Pullman used to teach at my middle school!

chris sallis, Sunday, 6 March 2005 13:48 (twenty-one years ago)

you know, i was talking to a friend about this last night... i don't think i could deal with a HDM movie unless it was TOTALLY genius & amazing--nothing less would satisfy me, and even then, i'm not sure. but a theatrical adaptation makes so much sense, i'm much more interested in seeing this than any possible movie.

s1ocki (slutsky), Sunday, 6 March 2005 18:41 (twenty-one years ago)

nine months pass...
Profile of Pullman in The New Yorker. Recycles his anti-Narnia, anti-Tolkien diatribes. Mentions that the movies are being made, but doesn't give any details.

gypsy mothra (gypsy mothra), Thursday, 22 December 2005 05:43 (twenty years ago)
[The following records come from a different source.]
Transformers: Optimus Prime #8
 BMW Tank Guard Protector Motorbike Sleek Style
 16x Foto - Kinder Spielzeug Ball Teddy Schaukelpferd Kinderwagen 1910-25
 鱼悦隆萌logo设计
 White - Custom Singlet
weitz withdrew as director late last year, though he's still involved with the script - anand tucker (shopgirl) has replaced him. new line was reportedly sweating the god stuff but weitz says he stepped down for technical reasons.

jones (actual), Thursday, 22 December 2005 16:48 (twenty years ago)

I don't see how they can monkey with the god stuff much without utterly rewriting the entire plot.

gypsy mothra (gypsy mothra), Thursday, 22 December 2005 17:08 (twenty years ago)

Hates Tolkien, dislikes Lewis, excellent.

Erick Dampier is better than Shaq (miloaukerman), Thursday, 22 December 2005 20:00 (twenty years ago)

three weeks pass...
Hmmm... I feel mixed. There was some clumsiness - the entire Army of Lucifer/Asriel and the battle at the end, heavy-handed allegory and there was a tendency to telegraph things that would happen far ahead (ie Lyra's parents, Will's father, etc.).

I was disappointed that Lyra tails off from being the headstrong protagonist to a figure often in need of protection at the hands of her man in the second and third.

I'm surprised he never even tried to underline the message about 'killing God' - it wasn't that the two of them killed God, really - they set him free. 'God' himself was a prisoner of the theocrats, kept alive to ensure their tyranny - that's by far the most subtle metaphor of the trilogy, but he never even points back to it.

Where it shines is the love he shows interaction between characters - the noble gyptians (were they Roma or Irishmen?) protecting Lyra, the witch-councils, all the sections with Mary and the wheeled creatures. When Pullman moved away from his Big Themes and advancing the plot, the writing was truly exhilirating and joyous in a way that I've never encountered in fantasy.

Erick Dampier is better than Shaq (miloaukerman), Sunday, 15 January 2006 07:16 (twenty years ago)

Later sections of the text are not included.